Before leaving for Nimes, we asked at the information office at Pont du Gard to see if they had a map that would help us get there. They young man behind the desk said “Je suis désolé” which means “I am devastated”, to tell you no, we do not have a map. It was very French and funny, and I am determined to work the phrase in as often as I can!

While I have bemoaned having no map before, I have to give it to the French that they do put up a lot of signs—so many sometimes that it is confusing, but once you get the hang of them they are pretty useful. We got into Nimes and even found the parking area we wanted next to the area, which is very well preserved. Built a little while after the Colosseum in Rome, it is smaller but very nice.

From the top of the arena - you can see the Tour Magne in the distance
From the arena, we walked to the Masion Carre, the best preserved Roman temple which is, ah, still being preserved as you can see by the scaffolding. It does look very nice, and they project is supposed to be done in the next few months. Taking a few side streets, we went the back way to the Tour Magne, the tower that overlooks the town and whose purpose is under debate as it was build during the Pax Romana and therefore probably didn’t serve a military purpose.

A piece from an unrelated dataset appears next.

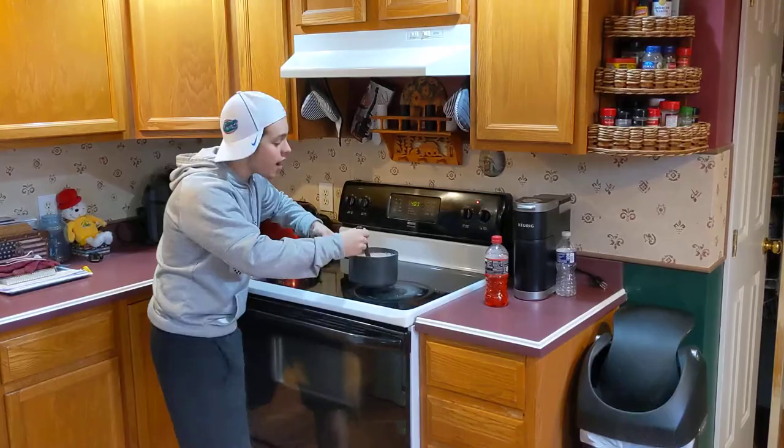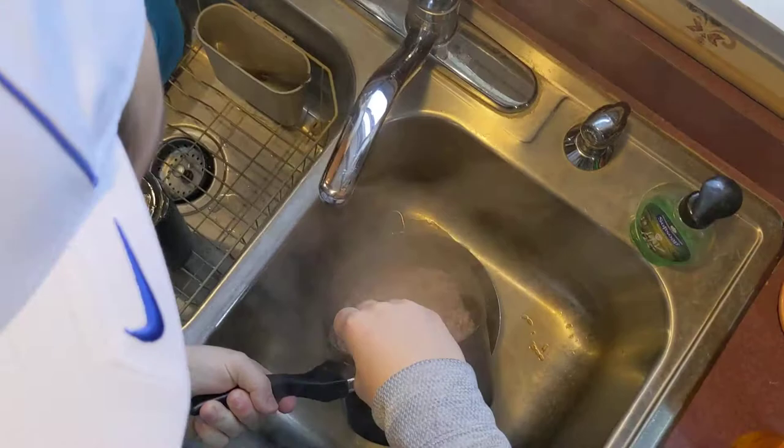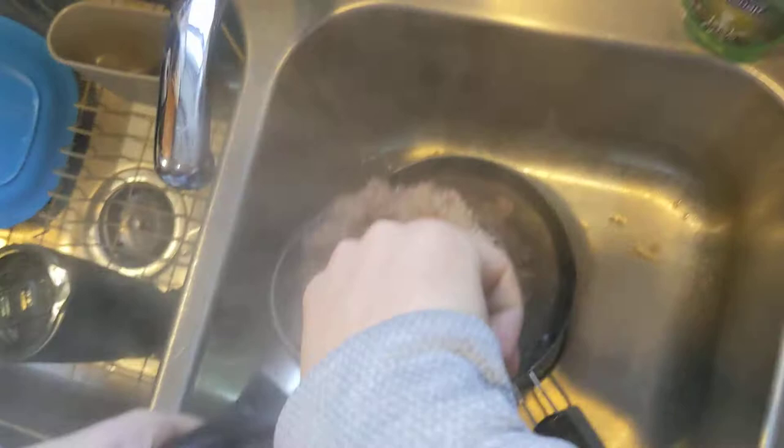Gamer fuel is done boiling. We turn off the stovetop. We bring our Gamer fuel over to the strainer and pour it in to get all the liquid out, so all we have is the rice. Mmm, smells scrumptious.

Doesn't this look like just the place to read a book?

The steps were not for the faint of heart.

We wandered back to the car through the city gardens, which were the first gardens built for the public and not a monarch or other royalty, past the mysterious temple of Diana, and along a shady canal with a heated boules match taking place along its banks. Boules is favorite sport of the French men that involves seeing who can throw their metal ball closes to a small target ball (apparently ladies have better things to do than to argue over a few thrown metal balls).

I was actually more worried about getting out of Nimes than into it, but luckily the signs again came to the rescue, though we laughed because they would say “tout directions” which means “all directions” this way. How can all the directions be one way? Lol. We took a different route home (we had come to the north through Avignon but were going to avoid it and the traffic) and so followed the old roads, lined with gorgeous plane trees, supposedly planted by Napoleon so his troops could walk in the shade. However the tradition started, it is one of the coolest things in the world to drive for mile after mile through a winding tunnel of magnificent trees.